結果、今年(=XP2011)は多くのコンテンツが公募で集まりました。

  • 『C-3 Agile Buffet〜現場に適したプラクティスを取り分けるワークショップ【ワークショップ】』を開催する長沢 智治さんはエヴァンジェリストとして大変有名な方です。
  • 『B-6 (仮)情報共有ゲーム【ワークショップ】』を開催するやっとむさん、『C-6 Scrumはじめの一歩【ワークショップ】』を開催する西村 直人さん、吉羽 龍太郎さんの両名はアジャイルスクラムのコーチとしても知らないものはいない方です。
  • 『D-3 TDDミニ』を開催する和田 卓人さんはTDD業界では知らない人間がモグリと呼ばれる様な方です。

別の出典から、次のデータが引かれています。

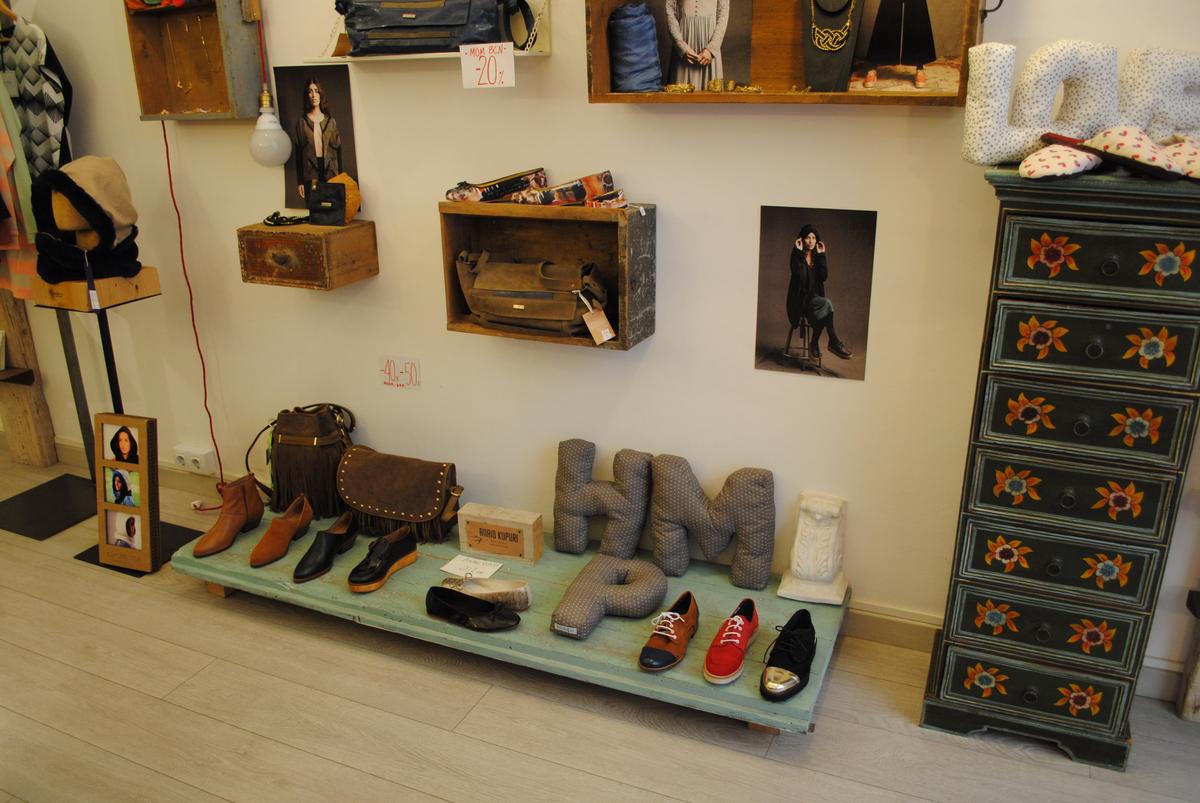 Decoración de tiendas con muebles renovados | Decoración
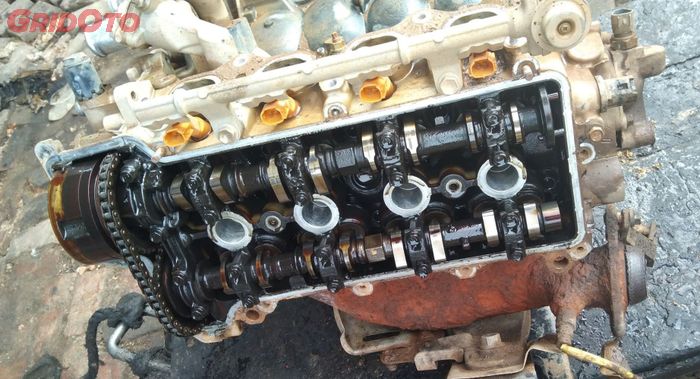 Apa itu Sludge? Efek Karena Malas Ganti Oli Mobil Sesuai Jadwal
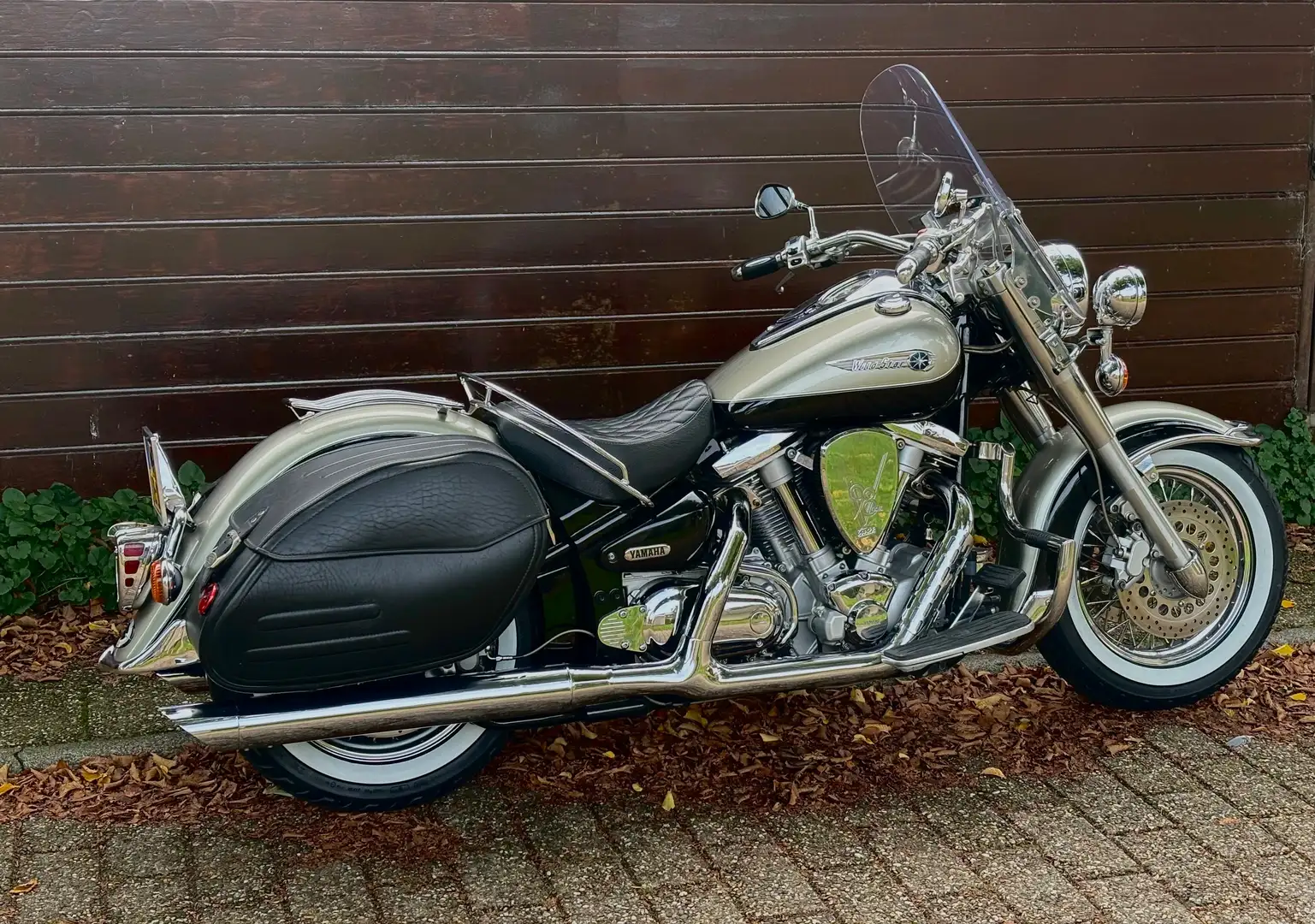 Yamaha XV 1600 Wildstar Zwart - 2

他にも数多くの著名人がコンテンツ公募に応募しています。

これも全て「私*1のような者でも取り立てられるとすれば、私より優れた人物はなおさらだと思うでしょう。きっと、千里の道を厭わずにやって来るに違いありません」をXP祭りのスタッフの方々が実践された結果だと思います。ご興味を持たれた方は是非9月3日 XP祭り2011 〜XP祭りX(テン) - XPX〜(東京都)にご参加ください。